● **TASK PROMPT**:
Omit all pictures, and print word for word only the lines from the one containing "Thai students form" through the end of the data.

[Records contained in a dataset]
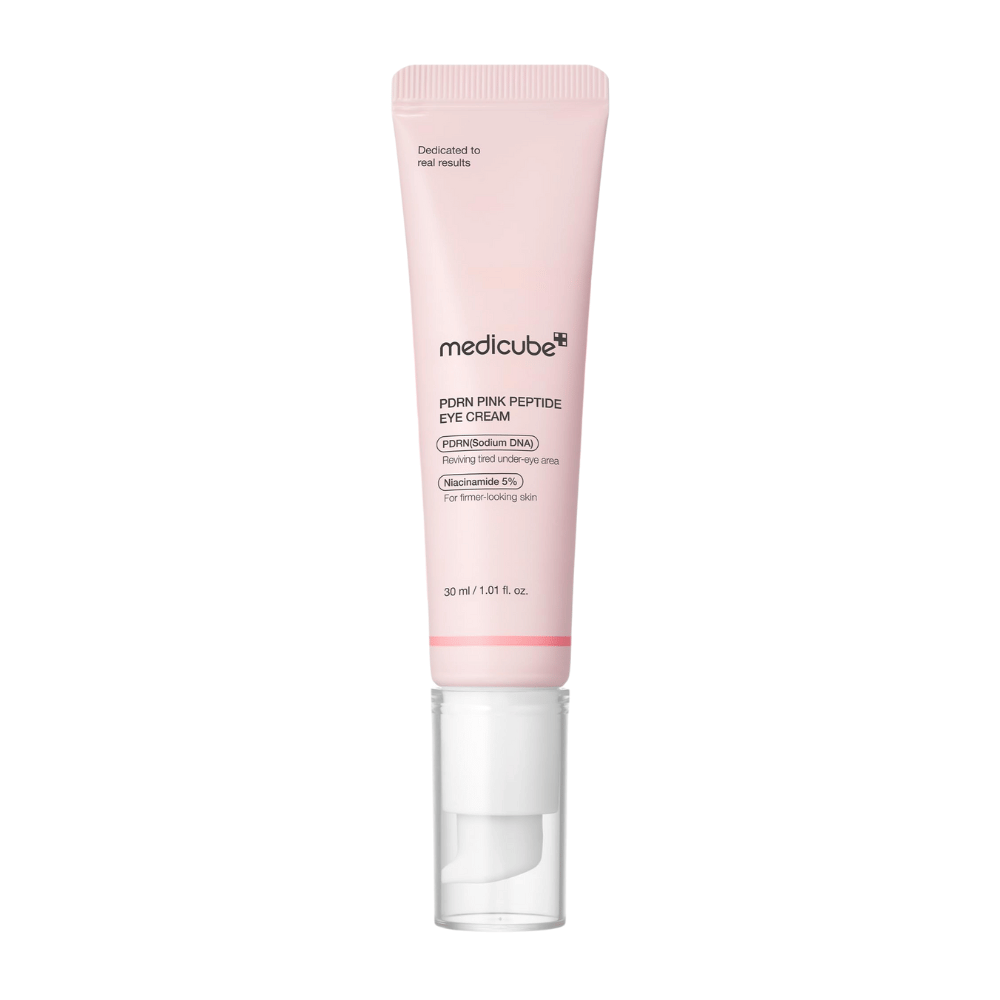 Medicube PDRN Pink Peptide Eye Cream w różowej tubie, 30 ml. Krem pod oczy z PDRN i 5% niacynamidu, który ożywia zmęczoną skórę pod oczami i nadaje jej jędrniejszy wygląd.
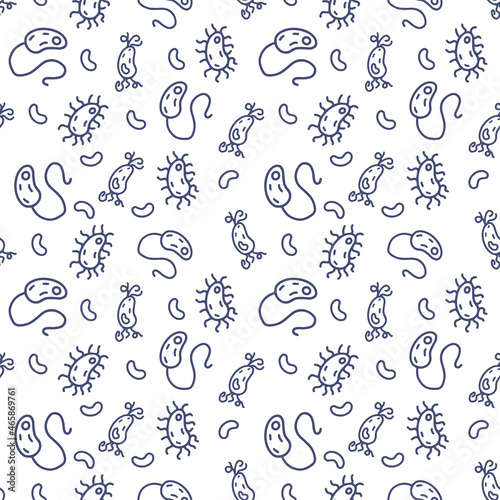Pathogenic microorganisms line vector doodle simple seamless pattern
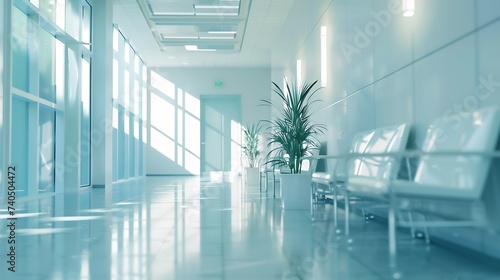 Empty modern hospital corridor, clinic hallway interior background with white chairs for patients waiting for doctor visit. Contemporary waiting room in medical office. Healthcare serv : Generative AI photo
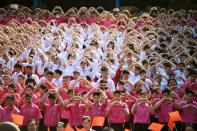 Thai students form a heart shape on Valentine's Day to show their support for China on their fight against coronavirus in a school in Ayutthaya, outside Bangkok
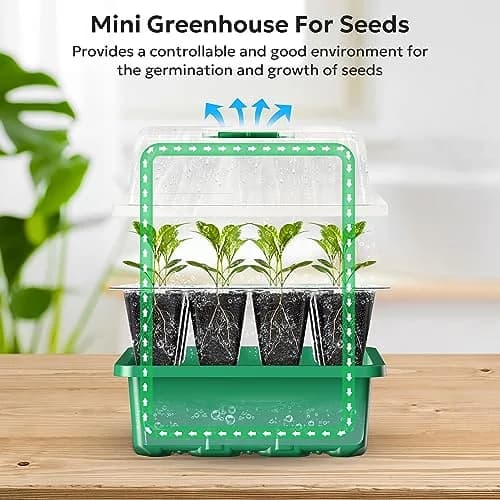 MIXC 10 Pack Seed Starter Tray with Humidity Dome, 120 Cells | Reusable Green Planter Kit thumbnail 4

● **FINAL ANSWER**:
 Thai students form a heart shape on Valentine's Day to show their support for China on their fight against coronavirus in a school in Ayutthaya, outside Bangkok
 MIXC 10 Pack Seed Starter Tray with Humidity Dome, 120 Cells | Reusable Green Planter Kit thumbnail 4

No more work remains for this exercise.